Hacker News new | ask | show | jobs
by polskibus 1666 days ago
How does this compare to Postgres + parquet FDW? Is zero copy feasible in Postgres with FDWs?
3 comments

DuckDB is an embedded database. That is, it is a library one loads into their application. This is in contrast to a server database like Postgres where the database and application live on different processes (usually on different machines).

DuckDB is often compared to SQLite. But a more apt comparison might be KDB+, a proprietary vector embedded database.

I am not very familiar with the Postgres Parquet FDW, but here is an educated guess!

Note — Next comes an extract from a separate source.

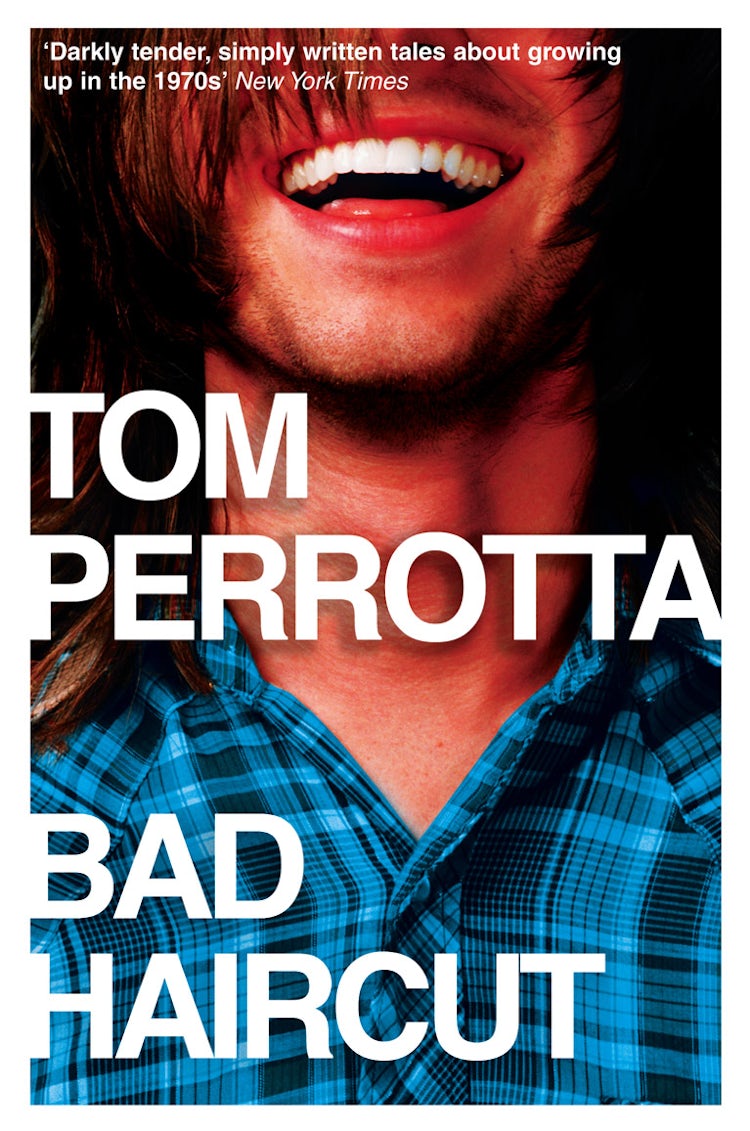 Cover image for Bad Haircut, isbn: 9780007262410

Postgres is a row store engine rather than a column store, so I believe there will need to be quite a lot of translation for Postgres to be able to process parquet data (DuckDB and parquet are both columnar). My hypothesis is that DuckDB would be significantly faster! However, feel free to benchmark things!

I should also add that there is a duckdb fdw, so you could have DuckDB read from your parquet files and do faster transformations before you pull your data into Postgres!

https://github.com/alitrack/duckdb_fdw

This is crazy, have you measured that parquet + duckdb + postgresql is faster than parquet + postgresql?
This may be close to what you're thinking: https://turbodbc.readthedocs.io/en/latest/pages/advanced_usa...

We saw speedups (20%+?), but wrong orders of magnitude of perf that we advocate DB vendors to aim for when we do visual analytics integrations. Arrow opens up saturating networks & PCI cards for DB<>GPU, so think going for 10-50GB/s.